● **Goal of the exercise**: Skip all pictures; return exactly the lines from the one containing "廣西藝術(shù)學(xué)院在職研究生" through the end of the data.

● **Records for this task**:
BEGIN

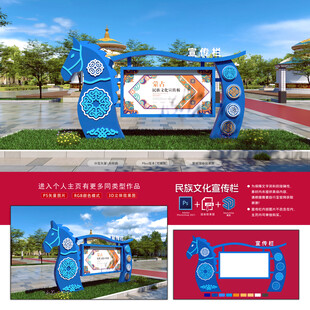 民族文化宣传栏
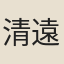 清遠道士
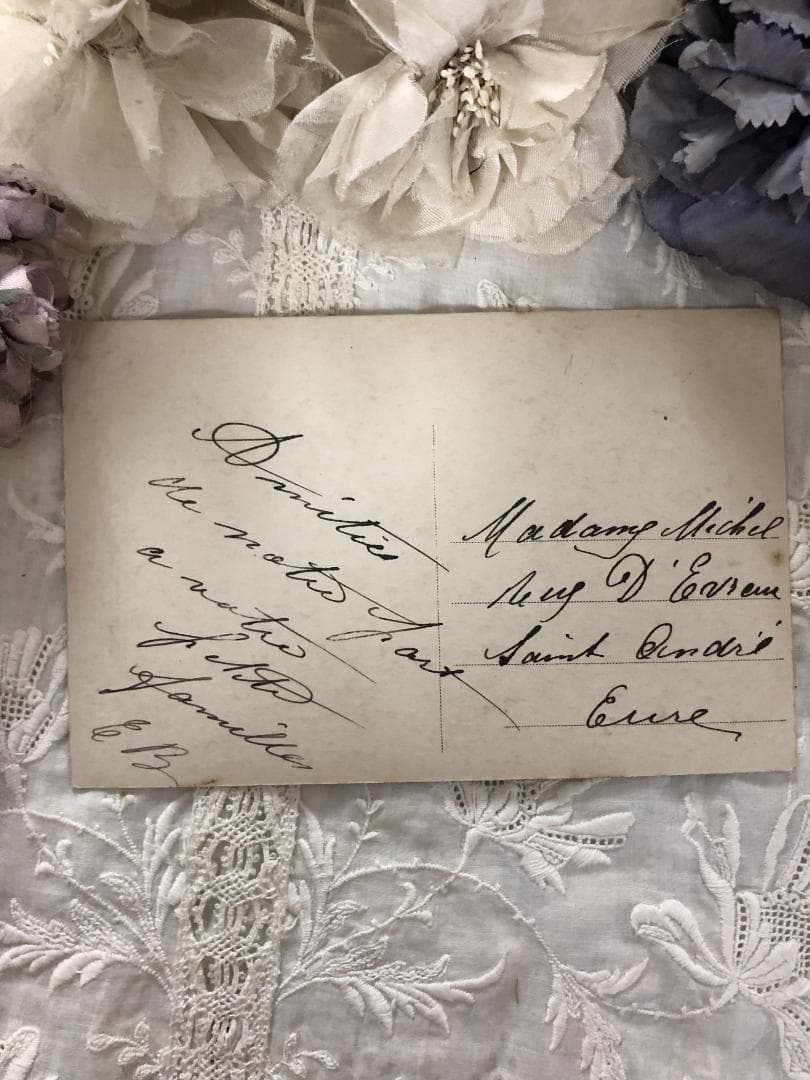 アンティーク ポストカード マーガレットと美しい少女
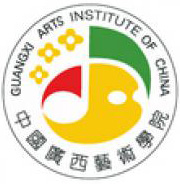 廣西藝術(shù)學(xué)院在職研究生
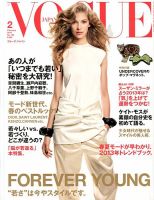VOGUE JAPAN (ヴォーグ ジャパン) 2月号 表紙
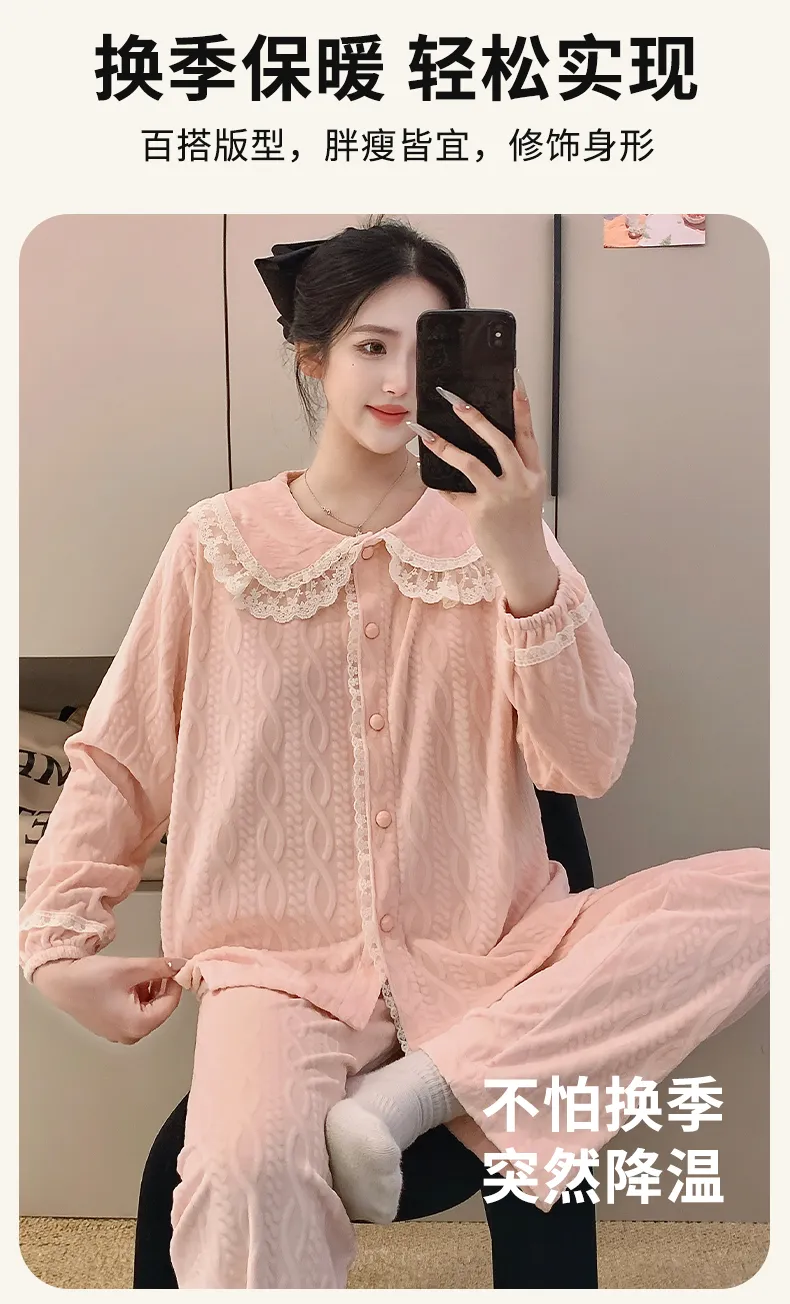 Nouveauté 2026 Ensemble de pyjama femme en velours polaire, manches longues, chaud pour automne-hiver, tenue d'intérieur douce · Grossiste · OEM · Mondial - Detail 7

END

● **Your response**:
 廣西藝術(shù)學(xué)院在職研究生
VOGUE JAPAN (ヴォーグ ジャパン) 2月号 表紙
 Nouveauté 2026 Ensemble de pyjama femme en velours polaire, manches longues, chaud pour automne-hiver, tenue d'intérieur douce · Grossiste · OEM · Mondial - Detail 7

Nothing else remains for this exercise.